Our handlers look like this:

public class RequestDecoder extends FrameDecoder {
  @Override
  protected ChannelBuffer decode(ChannelHandlerContext ctx, Channel channel, ChannelBuffer buffer) {
    if (buffer.readableBytes() < 4) {
      return null;
    }

    buffer.markReaderIndex();
    int length = buffer.readInt();
    if (buffer.readableBytes() < length) {
      buffer.resetReaderIndex();
      return null;
    }

    return buffer;
  }
}

public class ContentStoreChannelHandler extends SimpleChannelHandler {
  private final RequestHandler handler;

  @Inject
  public ContentStoreChannelHandler(RequestHandler handler) {
    this.handler = handler;
  }

  @Override
  public void messageReceived(ChannelHandlerContext ctx, MessageEvent e) {
    ChannelBuffer in = (ChannelBuffer) e.getMessage();
    in.readerIndex(4);

    ChannelBuffer out = ChannelBuffers.dynamicBuffer(512);
    out.writerIndex(8); // Skip the length and status code

    boolean success = handler.handle(new ChannelBufferInputStream(in), new ChannelBufferOutputStream(out), new NettyErrorStream(out));
    if (success) {
      out.setInt(0, out.writerIndex() - 8); // length
      out.setInt(4, 0); // Status
    }

    Channels.write(e.getChannel(), out, e.getRemoteAddress());
  }

  @Override
  public void exceptionCaught(ChannelHandlerContext ctx, ExceptionEvent e) {
    Throwable throwable = e.getCause();
    ChannelBuffer out = ChannelBuffers.dynamicBuffer(8);
    out.writeInt(0); // Length
    out.writeInt(Errors.generalException.getCode()); // status

    Channels.write(ctx, e.getFuture(), out);
  }

  @Override
  public void channelOpen(ChannelHandlerContext ctx, ChannelStateEvent e) {
    NettyContentStoreServer.allChannels.add(e.getChannel());
  }
}

UPDATE:

I've managed to get my Netty solution to within 4,000/second. A few weeks back I was testing a client side PING in my connection pool as a safe guard against idle sockets but I forgot to remove that code before I started load testing. This code effectively PINGed the server every time a Socket was checked out from the pool (using Commons Pool). I commented that code out and I'm now getting 21,000/second with Netty and 25,000/second with Tomcat.

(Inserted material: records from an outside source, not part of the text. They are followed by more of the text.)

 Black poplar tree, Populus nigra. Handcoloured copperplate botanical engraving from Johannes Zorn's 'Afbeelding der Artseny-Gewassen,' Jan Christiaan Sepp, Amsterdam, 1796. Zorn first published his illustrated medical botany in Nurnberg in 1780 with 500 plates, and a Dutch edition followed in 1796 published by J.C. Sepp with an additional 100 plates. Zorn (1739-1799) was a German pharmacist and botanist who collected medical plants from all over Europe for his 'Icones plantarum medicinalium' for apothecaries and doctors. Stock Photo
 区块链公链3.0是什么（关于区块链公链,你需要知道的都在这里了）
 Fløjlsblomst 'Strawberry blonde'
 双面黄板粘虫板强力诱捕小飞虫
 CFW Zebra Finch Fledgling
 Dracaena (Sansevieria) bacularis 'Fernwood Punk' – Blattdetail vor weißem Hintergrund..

Although, this is great news on the Netty side, I'm still getting 4,000/second less with Netty than Tomcat. I can post my client side (which I thought I had ruled out but apparently not) if anyone is interested in seeing that.

Answer

Ben-Hur Langoni Junior picture Ben-Hur Langoni Junior · Sep 20, 2016

The method messageReceived is executed using a worker thread that is possibly getting blocked by RequestHandler#handle which may be busy doing some I/O work. You could try adding into the channel pipeline an OrderdMemoryAwareThreadPoolExecutor (recommended) for executing the handlers or alternatively, try dispatching your handler work to a new ThreadPoolExecutor and passing a reference to the socket channel for later writing the response back to client. Ex.:

@Override
public void messageReceived(ChannelHandlerContext ctx, MessageEvent e) {   

    executor.submit(new Runnable() {
        processHandlerAndRespond(e);        
    });
}

private void processHandlerAndRespond(MessageEvent e) {

    ChannelBuffer in = (ChannelBuffer) e.getMessage();
    in.readerIndex(4);
    ChannelBuffer out = ChannelBuffers.dynamicBuffer(512);
    out.writerIndex(8); // Skip the length and status code
    boolean success = handler.handle(new ChannelBufferInputStream(in), new ChannelBufferOutputStream(out), new NettyErrorStream(out));
    if (success) {
        out.setInt(0, out.writerIndex() - 8); // length
        out.setInt(4, 0); // Status
    }
    Channels.write(e.getChannel(), out, e.getRemoteAddress());
}